The phone rings on the other line and Mom tells me there’s no baby yet, but soon. Just as I’m hanging up to rush to where I need to be, the principal’s voice comes over the intercom, announcing a tornado has been spotted in the area and everyone should stay put. I instinctively turn to look out the window behind me, surprised to see my own reflection staring back instead of the front lawn of the school. Outside is dark as night and it’s not even 10 am.
Later we’ll learn the storm that May morning wasn’t necessarily impressive according to the F-scale, wind gusts reaching just above 80 mph, but it still comes in as the worst the city has seen in 20 years. My drive home that afternoon is careful and filled with detours – around downed trees and power lines, the aftermath of the day the sky turned black.
My apartment wasn’t damaged and neither was my car. The school day eventually continued and my nephew, born later that day, is now almost fourteen. There isn’t any reason in particular I should still think of that storm often, but I do. Because of this.
This tree in our neighborhood bears the mark of memory. I don’t know how the storm affected the person who carved the wood that day, but it was enough for them to take the time to mark it.
When I walk past this tree on the trail near our house, I think of that day still – how the principal had to make a choice for the sake of safety to keep the students inside, how the sky turned black and ominous, how we couldn’t change the weather, only try to stay out of its way.
That’s the way to handle yourself in a storm, take cover and wait for it to pass over.

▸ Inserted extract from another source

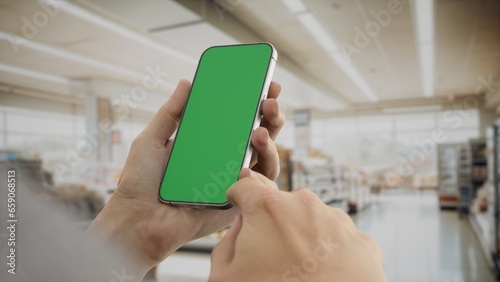 CU 30s Caucasian male holding a phone in grocery store  green screen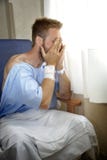 Young injured man crying in hospital room sitting alone crying in pain worried for his health condition stock photo Young injured man crying in hospital room sitting alone crying in pain worried for his health condition stock photo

But it’s possible to live like a storm is ever brewing just outside the door even when the sky is clear and bright. It’s possible to take cover even when there’s nothing to take cover from, except for a heavy idea or a recurring thought in the night.
It’s possible to live as though every move you make is an anxious attempt to avoid an unwanted consequence rather than a thoughtful decision to move toward life. And this life becomes one marked by hiding from the potential storm of loneliness, failure, isolation, invisibility, or insignificance. Take cover or the storm might overtake you.
Avoid danger. Sit under the banner of fear.
I’ve done that. When the kids were little I lived in fear a lot – of them getting sick and it never ending, of me getting sick and not being able to take care of them, of making the wrong decisions about where we should live, how we should school, if I should take a job or not.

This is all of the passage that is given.